### DIRECTIONS FOR THIS TASK:
Transcribe exactly everything in the data below from the line containing "917 35th Street SW, Bondurant, IA 50035" down to the line containing "9 best late-night", both lines included and nothing further.

### DATA:
★ ★ ★ ★ ★

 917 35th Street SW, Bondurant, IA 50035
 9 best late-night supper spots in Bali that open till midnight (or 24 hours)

★ ★ ★ ★ ★

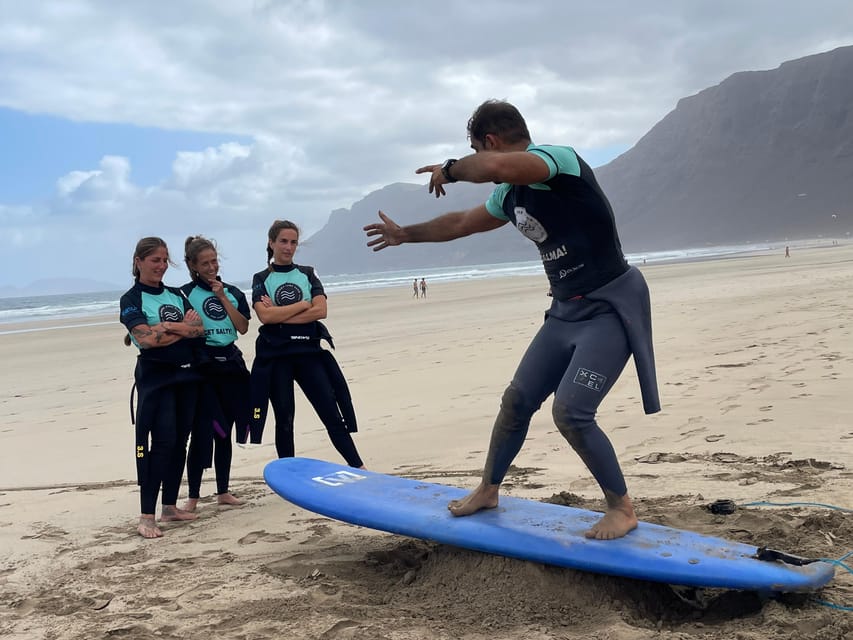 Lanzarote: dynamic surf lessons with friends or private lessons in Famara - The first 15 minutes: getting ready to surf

★ ★ ★ ★ ★

### YOUR RESPONSE:
 917 35th Street SW, Bondurant, IA 50035
 9 best late-night supper spots in Bali that open till midnight (or 24 hours)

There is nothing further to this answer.